Holistic Indexing in Main-memory Column-stores

Citation:

E. Petraki, S. Idreos, and S. Manegold, “Holistic Indexing in Main-memory Column-stores,” in Proceedings of the ACM SIGMOD International Conference on Management of Data, Melbourne, Australia, 2015.
holisticindexing.pdf807 KB

Abstract:

Great database systems performance relies heavily on index tuning, i.e., creating and utilizing the best indices depending on the workload. However, the complexity of the index tuning process has dramatically increased in recent years due to ad-hoc workloads and shortage of time and system resources to invest in tuning.

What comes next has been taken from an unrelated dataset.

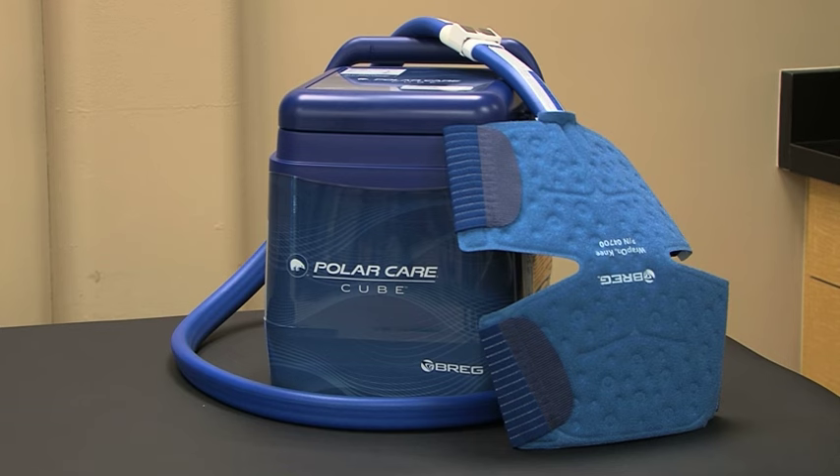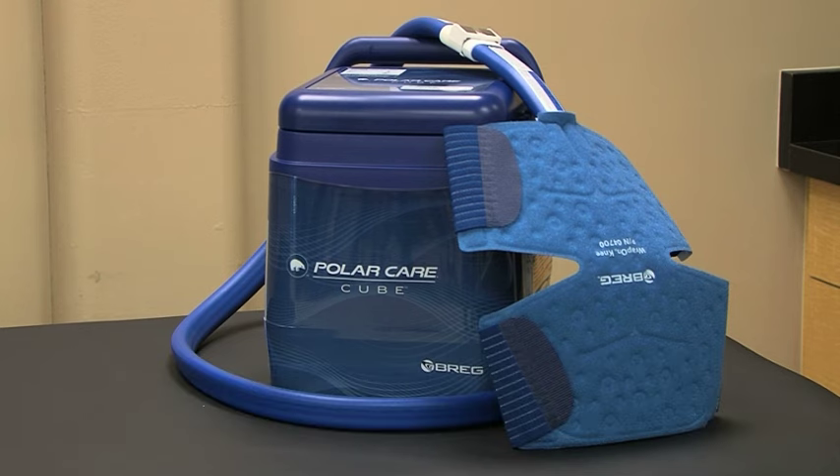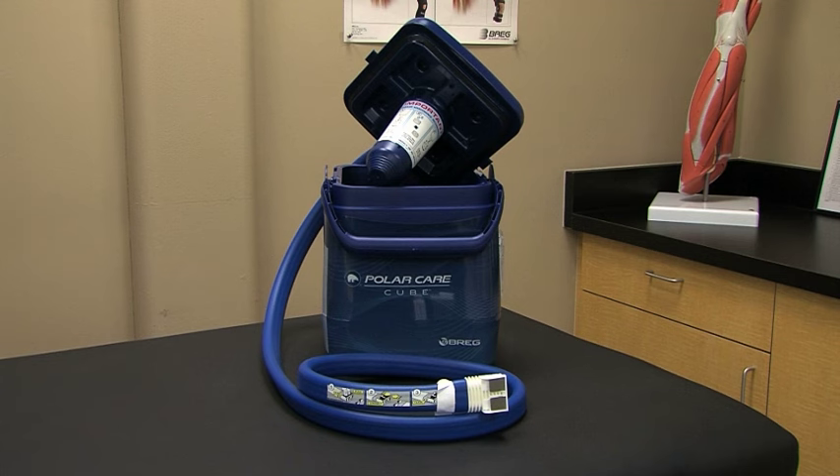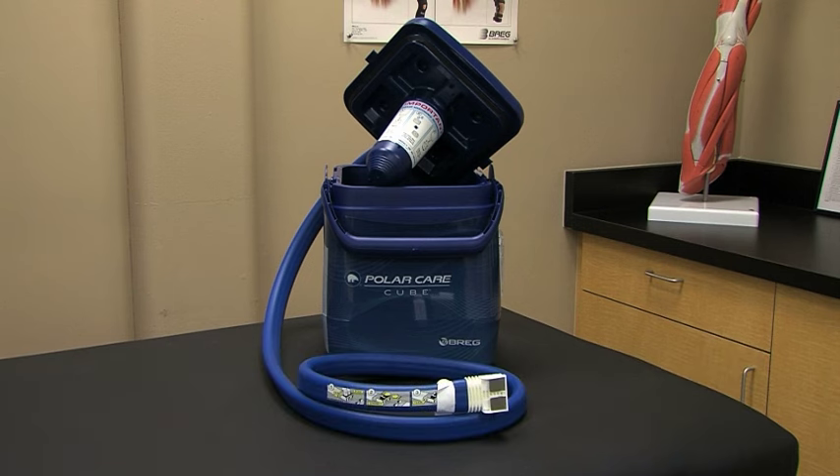Be sure to use the PolarCare Cube as prescribed by a licensed healthcare professional, including how often and long to apply and when to take breaks from cold therapy. While there are many benefits to the use of cold therapy, a word of caution: cold therapy systems can be cold enough to seriously injure the skin, so be sure to follow these instructions carefully.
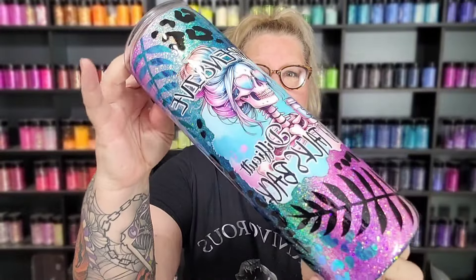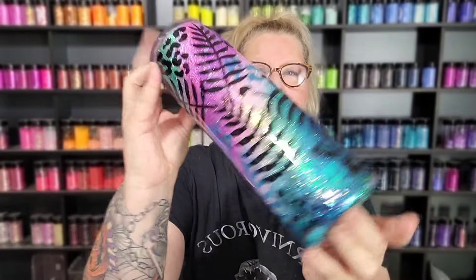Hey guys, welcome to this video and my channel. My name is Heather, I am the owner and creator here at Wicked Whiskey Designs, and today it is all about being expensive, difficult, and talking back — because yes we do. This is a super fun cup to make, just a simple Milky Way style swirl with some layering of vinyl. There's so much you can do with this technique. It's easy, it's fun — if I can do this, anybody can. Everything I used is linked in the description box below.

This paper introduces holistic indexing, a new approach to automated index tuning in dynamic environments. Holistic indexing requires zero set-up and tuning effort, relying on adaptive index creation as a side-effect of query processing. Indices are created incrementally and partially; they are continuously refined as we process more and more queries. Holistic indexing takes the state-of-the-art adaptive indexing ideas a big step further by introducing the notion of a system which never stops refining the index space, taking educated decisions about which index we should incrementally refine next based on continuous knowledge acquisition about the running workload and resource utilization. When the system detects idle CPU cycles, it utilizes those extra cycles by refining the adaptive indices which are most likely to bring a benefit for future queries. Such idle CPU cycles occur when the system cannot exploit all available cores up to 100%, i.e., either because the workload is not enough to saturate the CPUs or because the current tasks performed for query processing are not easy to parallelize to the point where all available CPU power is exploited.

In this paper, we present the design of holistic indexing for column-oriented database architectures and we discuss a detailed analysis against parallel versions of state-of-the-art indexing and adaptive indexing approaches. Holistic indexing is implemented in an open-source column-store DBMS. Our detailed experiments on both synthetic and standard benchmarks (TPC-H) and workloads (SkyServer) demonstrate that holistic indexing brings significant performance gains by being able to continuously refine the physical design in parallel to query processing, exploiting any idle CPU resources.